The silence on the approach control frequency is broken as the controller speaks your N number and advises, "Traffic, two o’clock, westbound, type and altitude unknown." You look up from updating a groundspeed calculation, and your instructor sets down the hand-held GPS that is acting buggy, and both of you squint into the glare in the sector of the windscreen between the spinner and the right wing.
"There it is, a floatplane down low, climbing," the CFI says. You inform ATC that the traffic is in sight.
If that scenario seems familiar—especially the part about looking up from an inside-the-cockpit chore to scan for traffic—it’s time to make a new effort to put “visual” back in your visual flight rules flying.

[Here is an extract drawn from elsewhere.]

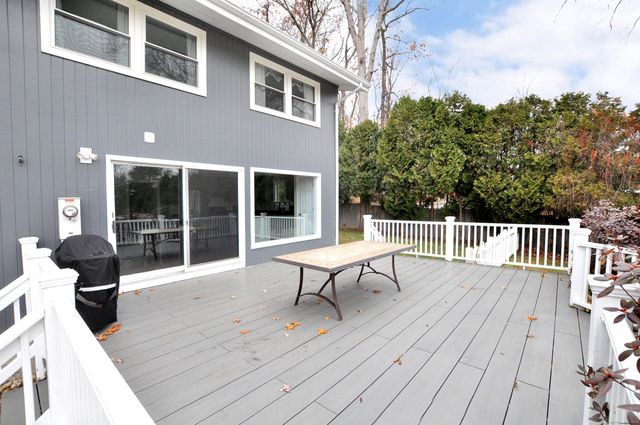 114 El Toro Drive, Bristol, CT 06010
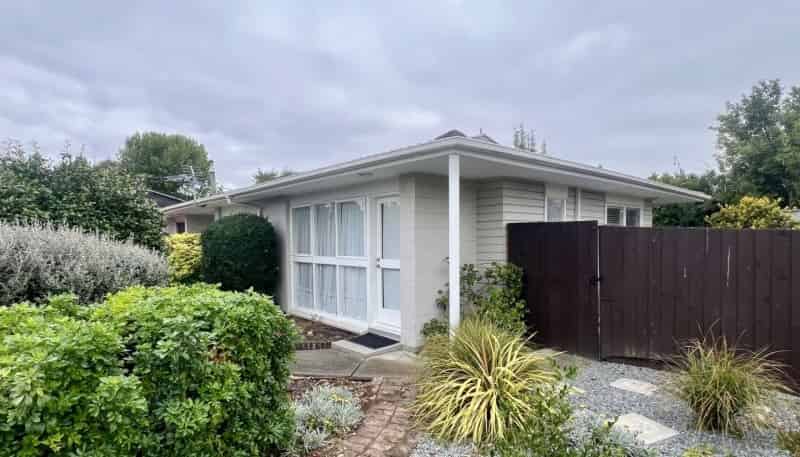 2/5 Sarabande Av, Redwood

With all the gizmos, gadgets, and gauges that fill up an aircraft’s cockpit, VFR pilots contend with a multitude of reasons (some better than others) to spend time with eyes inside.
A call from ATC may break the spell, but even that’s not a remedy if all you do next is look for the one aircraft that was pointed out. That’s a form of fixation (not to mention technological dependency). Another example of looking outside but remaining fixated on a single task is when seeking out that elusive checkpoint that should have appeared off the left wingtip by now.

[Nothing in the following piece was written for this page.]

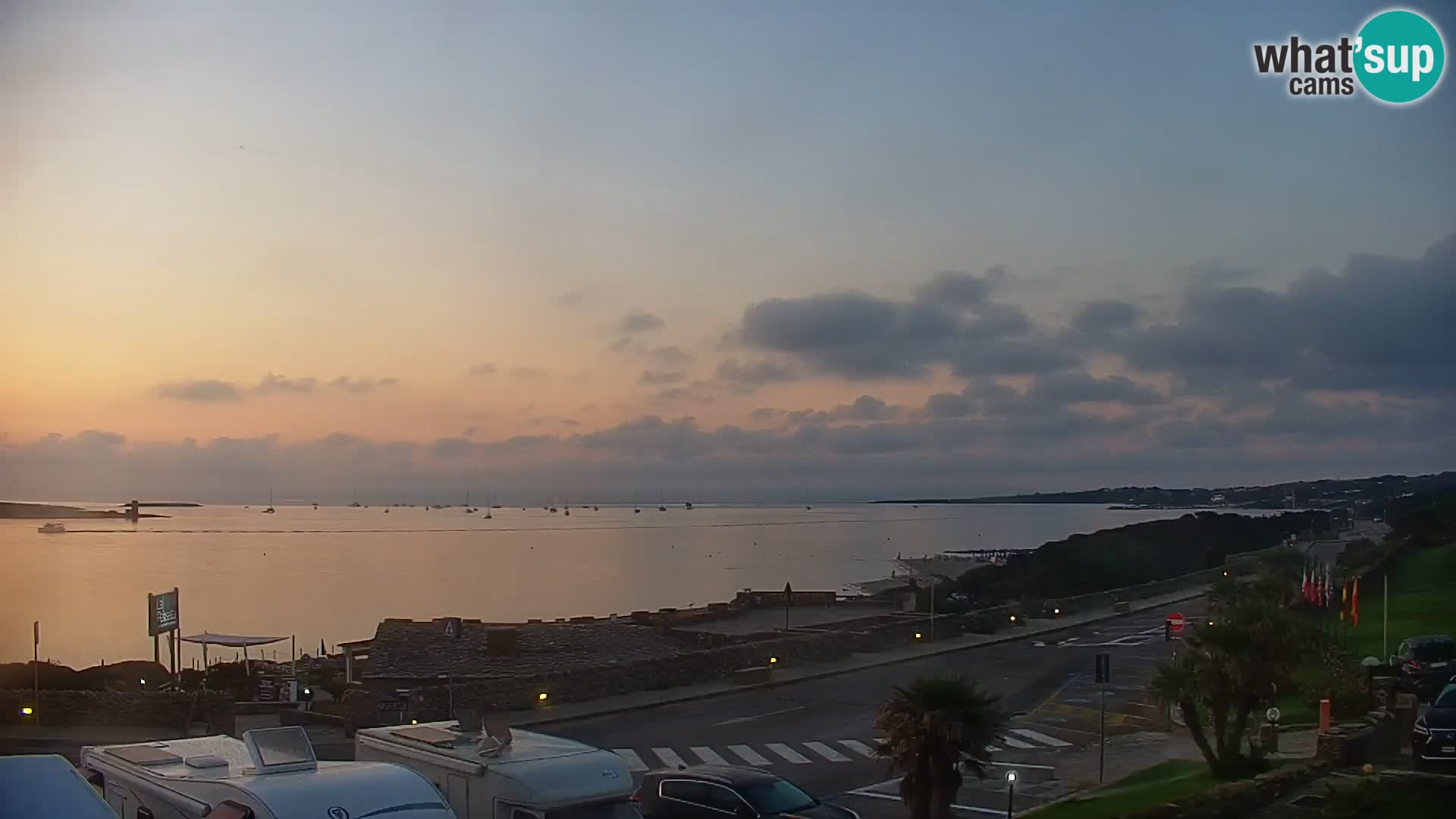 Stintino Spletna kamera v živo Plaža La Pelosa – Sardinija – Italija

About that floatplane: Would you have spotted it if it had not been called to your attention? Did it pose a potential conflict for you on your present heading? Remember, if the controller had been handling a heavier workload, or if another aircraft had called in just then, your traffic advisory might have been delayed, or never transmitted.
Collision avoidance is your responsibility, and is one of the 16 special emphasis areas evaluated on your private pilot practical test. Special emphasis areas are considered critical to flight safety.
Now, as the spring flying season gathers momentum, more pilots will be attending fly-ins, launching on training flights, giving sightseeing rides, and giving parachute jumpers a lift near some airports. Hot air balloons will grace the calm early-morning skies. And recent news makes clear that there are more unmanned aircraft systems in the air every day.
Monitoring radio frequencies, and receiving radar advisories helps, but see-and-avoid is still the key to VFR flying.